How to complete this task: Every line from the start of the records below to the line containing "Machado, da Venezuela, promete" should be retyped exactly, that line included, and no others.

====

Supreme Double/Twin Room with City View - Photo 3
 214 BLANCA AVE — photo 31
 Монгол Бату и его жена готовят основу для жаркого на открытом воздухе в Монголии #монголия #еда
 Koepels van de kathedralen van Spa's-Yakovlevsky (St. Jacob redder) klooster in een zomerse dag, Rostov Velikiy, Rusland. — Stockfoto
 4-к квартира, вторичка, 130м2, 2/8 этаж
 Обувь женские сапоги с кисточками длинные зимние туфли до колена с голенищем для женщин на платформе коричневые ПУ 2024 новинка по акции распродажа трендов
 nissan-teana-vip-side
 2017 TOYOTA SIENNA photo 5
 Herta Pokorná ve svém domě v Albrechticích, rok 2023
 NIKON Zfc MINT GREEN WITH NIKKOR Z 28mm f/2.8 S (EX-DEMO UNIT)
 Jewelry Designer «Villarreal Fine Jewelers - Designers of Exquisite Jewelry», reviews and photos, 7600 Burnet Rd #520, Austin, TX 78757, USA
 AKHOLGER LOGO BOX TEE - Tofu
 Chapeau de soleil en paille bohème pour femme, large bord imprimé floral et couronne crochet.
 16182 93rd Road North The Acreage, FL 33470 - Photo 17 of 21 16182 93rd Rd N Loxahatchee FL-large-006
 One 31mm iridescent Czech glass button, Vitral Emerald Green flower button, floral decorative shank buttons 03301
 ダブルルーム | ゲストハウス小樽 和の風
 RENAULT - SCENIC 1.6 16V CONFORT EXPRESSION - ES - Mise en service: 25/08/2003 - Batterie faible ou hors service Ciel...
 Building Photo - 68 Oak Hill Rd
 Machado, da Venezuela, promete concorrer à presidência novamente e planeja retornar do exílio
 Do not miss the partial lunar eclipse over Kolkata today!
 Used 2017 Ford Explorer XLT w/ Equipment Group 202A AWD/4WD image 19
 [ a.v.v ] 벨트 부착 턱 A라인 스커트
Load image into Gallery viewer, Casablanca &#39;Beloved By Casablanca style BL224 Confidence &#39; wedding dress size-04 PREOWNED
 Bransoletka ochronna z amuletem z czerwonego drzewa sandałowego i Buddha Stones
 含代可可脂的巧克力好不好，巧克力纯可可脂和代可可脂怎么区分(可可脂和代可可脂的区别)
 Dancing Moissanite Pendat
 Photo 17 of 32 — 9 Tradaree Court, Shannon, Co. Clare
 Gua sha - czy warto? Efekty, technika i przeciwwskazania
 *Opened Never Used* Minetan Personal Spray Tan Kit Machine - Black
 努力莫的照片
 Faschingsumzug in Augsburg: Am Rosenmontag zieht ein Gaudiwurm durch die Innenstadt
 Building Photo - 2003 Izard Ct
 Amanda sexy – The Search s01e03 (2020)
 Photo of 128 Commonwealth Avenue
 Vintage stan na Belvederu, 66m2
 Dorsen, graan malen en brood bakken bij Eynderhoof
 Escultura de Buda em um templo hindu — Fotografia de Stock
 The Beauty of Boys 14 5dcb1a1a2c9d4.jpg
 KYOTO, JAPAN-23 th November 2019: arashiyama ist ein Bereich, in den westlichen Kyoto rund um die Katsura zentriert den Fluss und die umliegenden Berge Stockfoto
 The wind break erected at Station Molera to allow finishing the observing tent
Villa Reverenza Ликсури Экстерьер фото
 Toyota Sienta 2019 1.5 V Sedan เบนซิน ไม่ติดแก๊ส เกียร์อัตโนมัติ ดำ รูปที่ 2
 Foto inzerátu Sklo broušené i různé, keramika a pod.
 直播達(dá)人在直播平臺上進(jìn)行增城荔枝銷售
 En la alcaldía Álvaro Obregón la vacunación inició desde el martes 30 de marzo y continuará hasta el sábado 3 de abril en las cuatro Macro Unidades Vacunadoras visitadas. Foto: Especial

====

Solution to this task:
Supreme Double/Twin Room with City View - Photo 3
 214 BLANCA AVE — photo 31
 Монгол Бату и его жена готовят основу для жаркого на открытом воздухе в Монголии #монголия #еда
 Koepels van de kathedralen van Spa's-Yakovlevsky (St. Jacob redder) klooster in een zomerse dag, Rostov Velikiy, Rusland. — Stockfoto
 4-к квартира, вторичка, 130м2, 2/8 этаж
 Обувь женские сапоги с кисточками длинные зимние туфли до колена с голенищем для женщин на платформе коричневые ПУ 2024 новинка по акции распродажа трендов
 nissan-teana-vip-side
 2017 TOYOTA SIENNA photo 5
 Herta Pokorná ve svém domě v Albrechticích, rok 2023
 NIKON Zfc MINT GREEN WITH NIKKOR Z 28mm f/2.8 S (EX-DEMO UNIT)
 Jewelry Designer «Villarreal Fine Jewelers - Designers of Exquisite Jewelry», reviews and photos, 7600 Burnet Rd #520, Austin, TX 78757, USA
 AKHOLGER LOGO BOX TEE - Tofu
 Chapeau de soleil en paille bohème pour femme, large bord imprimé floral et couronne crochet.
 16182 93rd Road North The Acreage, FL 33470 - Photo 17 of 21 16182 93rd Rd N Loxahatchee FL-large-006
 One 31mm iridescent Czech glass button, Vitral Emerald Green flower button, floral decorative shank buttons 03301
 ダブルルーム | ゲストハウス小樽 和の風
 RENAULT - SCENIC 1.6 16V CONFORT EXPRESSION - ES - Mise en service: 25/08/2003 - Batterie faible ou hors service Ciel...
 Building Photo - 68 Oak Hill Rd
 Machado, da Venezuela, promete concorrer à presidência novamente e planeja retornar do exílio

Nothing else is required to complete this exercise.